We have traveled thousands of miles together, conducted countless media interviews together; we’ve sat in homes, walked through communities, and spoken at town hall meetings together. And now, here we are, collaborating on our first book together on a subject that matters to us deeply.
We are concerned about poverty in America because it has impacted our lives, our outreach, the missions we’ve embraced, and our roles as democratic thinkers.
For my dear brother, Tavis, poverty is not an abstraction; it was the story of his childhood. He didn’t grow up associating poverty with Black ghettos, run-down barrios, or slums. Tavis, the oldest of ten kids, grew up in a Bunker Hill, Indiana, trailer park with mostly poor whites. His working-poor, struggling parents, Emory and Joyce Smiley, and his grandmother (Big Mama) ran a strict Pentecostal household in a space that wasn’t built for 13 people. When Tavis’s aunt was murdered, the Smiley home became the safety net for her four children. He still recalls the humiliation of going to school in hand-me-down clothes and shoes with cardboard stuffed in them to cover the holes in the soles. His success today did not, perhaps cannot, erase the imprint of poverty from his psyche.
Poverty matters deeply to my abiding friend, philosopher, and Princeton University Professor, Dr. Cornel West. His father, Clifton L. West, Jr., a contractor for the U.S. government; and his mother, Irene B. West, a teacher and later a pioneering school principal, were actively involved in the early Civil Rights Movement. Often, when reflecting on his formative years, Doc tells me he was inspired by the “sincere black militancy of Malcolm X, the defiant rage of the Black Panther Party, and the Black theology of James Cone.” As student-body president at John F. Kennedy High School in Sacramento, California, Doc organized protests demanding Black studies courses at his and other local high schools, as well as marched in civil rights demonstrations. Doc has been a champion for racial and social justice since childhood. Grounded in the traditions of the Black Baptist Church and music, Doc has always been concerned about fighting poverty both at home and around the world.
Poverty matters to us because it mattered to Dr. King. Our work and witness are inspired by his words, “I choose to identify with the underprivileged, I choose to identify with the poor, I choose to give my life for the hungry, I choose to give my life for those who have been left out of the sunlight of opportunity.” For us, ending poverty is squarely rooted in the legacy of a King who fought against poverty until his dying day on April 4, 1968. Lest we forget that, Dr. King’s final trip, his final mission, was to go stand beside the poor sanitation workers in Memphis who were fighting for better wages, bargaining rights, and safer working conditions. Dr. King’s last battles involved the eradication of poverty.

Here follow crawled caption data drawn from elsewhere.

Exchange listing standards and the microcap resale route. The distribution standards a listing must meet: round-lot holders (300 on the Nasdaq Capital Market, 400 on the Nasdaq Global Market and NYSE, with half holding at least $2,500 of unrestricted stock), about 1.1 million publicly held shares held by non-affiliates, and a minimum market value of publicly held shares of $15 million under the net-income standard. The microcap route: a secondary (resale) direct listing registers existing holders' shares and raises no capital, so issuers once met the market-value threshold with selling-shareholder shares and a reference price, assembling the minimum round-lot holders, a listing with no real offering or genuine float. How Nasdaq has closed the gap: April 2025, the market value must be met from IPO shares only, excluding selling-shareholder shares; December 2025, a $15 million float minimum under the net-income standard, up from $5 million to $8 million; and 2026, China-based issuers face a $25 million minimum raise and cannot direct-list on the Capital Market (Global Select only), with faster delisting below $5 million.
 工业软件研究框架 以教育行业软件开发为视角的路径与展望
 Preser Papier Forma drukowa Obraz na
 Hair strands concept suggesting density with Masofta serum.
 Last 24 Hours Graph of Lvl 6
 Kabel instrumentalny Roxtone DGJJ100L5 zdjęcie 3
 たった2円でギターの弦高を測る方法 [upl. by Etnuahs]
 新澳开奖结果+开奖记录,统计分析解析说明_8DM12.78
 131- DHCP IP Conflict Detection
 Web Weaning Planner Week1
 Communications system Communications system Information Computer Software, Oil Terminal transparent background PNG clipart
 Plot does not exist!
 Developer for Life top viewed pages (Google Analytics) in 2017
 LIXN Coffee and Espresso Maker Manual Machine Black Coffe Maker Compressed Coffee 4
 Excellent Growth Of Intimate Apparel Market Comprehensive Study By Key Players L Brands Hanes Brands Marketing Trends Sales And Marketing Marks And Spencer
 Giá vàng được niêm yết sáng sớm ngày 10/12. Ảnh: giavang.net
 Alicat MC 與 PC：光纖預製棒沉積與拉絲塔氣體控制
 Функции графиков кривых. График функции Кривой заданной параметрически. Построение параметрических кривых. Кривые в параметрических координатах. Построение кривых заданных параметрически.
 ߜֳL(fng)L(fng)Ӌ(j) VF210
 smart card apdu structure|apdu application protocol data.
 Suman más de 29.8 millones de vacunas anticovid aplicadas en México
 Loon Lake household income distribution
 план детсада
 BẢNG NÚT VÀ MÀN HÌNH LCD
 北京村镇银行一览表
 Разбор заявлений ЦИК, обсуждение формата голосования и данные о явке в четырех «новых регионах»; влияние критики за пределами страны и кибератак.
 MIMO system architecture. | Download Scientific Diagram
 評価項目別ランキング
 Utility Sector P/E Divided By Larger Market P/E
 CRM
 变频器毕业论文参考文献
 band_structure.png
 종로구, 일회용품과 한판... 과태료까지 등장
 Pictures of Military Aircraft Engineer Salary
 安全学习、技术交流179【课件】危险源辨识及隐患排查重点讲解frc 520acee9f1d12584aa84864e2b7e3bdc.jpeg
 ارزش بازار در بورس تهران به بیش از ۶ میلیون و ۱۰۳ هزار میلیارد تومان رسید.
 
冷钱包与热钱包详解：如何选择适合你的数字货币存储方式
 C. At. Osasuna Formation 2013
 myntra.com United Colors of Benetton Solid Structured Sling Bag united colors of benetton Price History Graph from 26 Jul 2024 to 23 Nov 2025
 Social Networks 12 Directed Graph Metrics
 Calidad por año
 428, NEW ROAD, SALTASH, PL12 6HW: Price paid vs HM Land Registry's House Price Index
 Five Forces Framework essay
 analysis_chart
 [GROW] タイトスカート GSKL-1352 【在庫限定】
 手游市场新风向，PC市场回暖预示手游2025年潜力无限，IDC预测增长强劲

In 2011, we launched Smiley & West, a weekly program from PRI that gave us the opportunity to take some of our private dialogue to public radio. We envisioned a down-to-earth format with “real-people conversations” similar to the ones heard at the local coffee house, cocktail party, barbershop, or beauty salon. To that end, a portion of the show is called, “Take ’Em To Task.” It’s a segment where listeners call in to turn the tables on us and ask questions or challenge the ideas, issues, and actions we pursue.
Edith was one of those “Take ’Em To Task” callers who challenged our position on poverty. She’d heard us preach about it, complain about it, and challenge politicians and other leaders who we felt either made it worse or weren’t doing or saying anything at all about it.
“Well,” Edith asked us, “what are you two prepared to do about it?”
It was a question we took to heart. We asked ourselves, “What more can a philosopher and broadcaster do about poverty?” The answer was surprisingly simple. Do what we do best—use our public platforms to raise consciousness and raise the issue of poverty higher on the American agenda.
With our mutual passions stoked, we made the decision to inaugurate “The Poverty Tour: A Call to Conscience,” an 18-city bus tour that began on August 6, 2011, designed to highlight the plight of America’s poor of all races, colors, and creeds.
Although several major media outlets credited us in 2011 for helping to place poverty on the national agenda, our intent wasn’t to be first out of the gate on this issue. Our goal was to put a human face on poverty so that the persistent poor, near poor, and new poor will not be ignored or rendered invisible during this unprecedented wave of economic downturn. At this juncture, it was clear to us that too often people weren’t connecting the dots between the new face of American poverty and the extraordinary decades-long increase in wealth inequality in the American economic system. The Great Recession and the avalanche of home foreclosures that followed are only one part of the story. We believe that to do more, you have to know more—more of the truth.
Veterans; former factory, marketing, and construction workers; single mothers; married couples; fathers; and teens were just as anxious to tell their stories as we were to hear them. The reaction to our tour bus ranged from welcoming and grateful to hostile and picketingd—and we would have it no other way. One group of protesters in Detroit insisted that the sole motivation of the tour was to bash President Barack Obama.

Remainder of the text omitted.